First of all, nobody will use a "slow" language if their only concern
is performance. There are a lot of other, measurable and not, metrics,
attracting users to higher-level languages.
Secondly, if reading an input file is a problem, then there is a
problem with the input file. I believe the input files should never be
too large, i.e. linear-time parser, however slow, should always pass
the time limit.
However, to make performance competition fun for all, even really
slow, languages, It would be great to have an additional per-language
ranking of solutions (e.g. top 10 Haskell solutions).
Now, on the "TopCoder" approach.
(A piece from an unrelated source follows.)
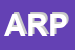 Logo di ARPE (SNC)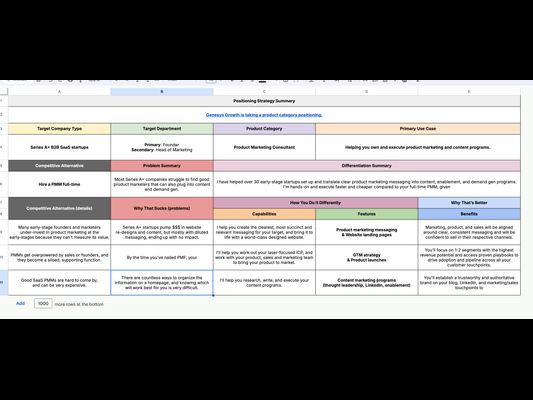 Positioning & Messaging Frameworks | Template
Yes, it eliminates the common I/O
overhead, but the complexity of implementing the correct time
measurement and cheat-protection grows greatly!
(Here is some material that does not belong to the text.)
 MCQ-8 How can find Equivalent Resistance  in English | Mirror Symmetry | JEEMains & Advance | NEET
One problem I can see with (naive implementation of) I/O wrappers in
Haskell: a slow program will often instantly return its output as a
lazy list, thus passing the time limit, but the output printer/
verifier will have a hard time reading this list.
Another, security-related, problem is that under the TopCoder model
the timing decision will be made by the process containing the user
code. Thus there is no easy way of making user unable to forge the
timing information and this problem would need to be solved in every
supported language separately.
Now, if we look at the TopCoder model from the other angle, the
programmer convenience, then it becomes a great idea! It eliminates
the tedious I/O code writing for every submission at the cost of
defining a simple input format specification once per problem (which
should be useful for the problem setter himself!) and a parser
generator for each language. If we forget about "fair time-measurement
with pre-parsed input", it becomes even more convenient because then
we can make usage of generated parsers optional (like Google AI
Challenge starter packages), and it will allow us to not worry about
writing a parser generator for every language because the users will
be able to write their own.
Another advantage I see is that it will simplify the input verifier
greatly! It will only have to check that the numbers/sizes lie within
the proper bounds. All the format checks will be automated.
Summary of what I would like to see:
* Total run time measurement with a single process-runner (as before:
robust, fair, and secure)
* Per-language ranking of solutions in addition to a cross-langage one
* A simple TopCoder-style input specification for problems (every
problem, or should we allow exceptions?)
* An optional input parser for every language, generated from the
input specification for the given problem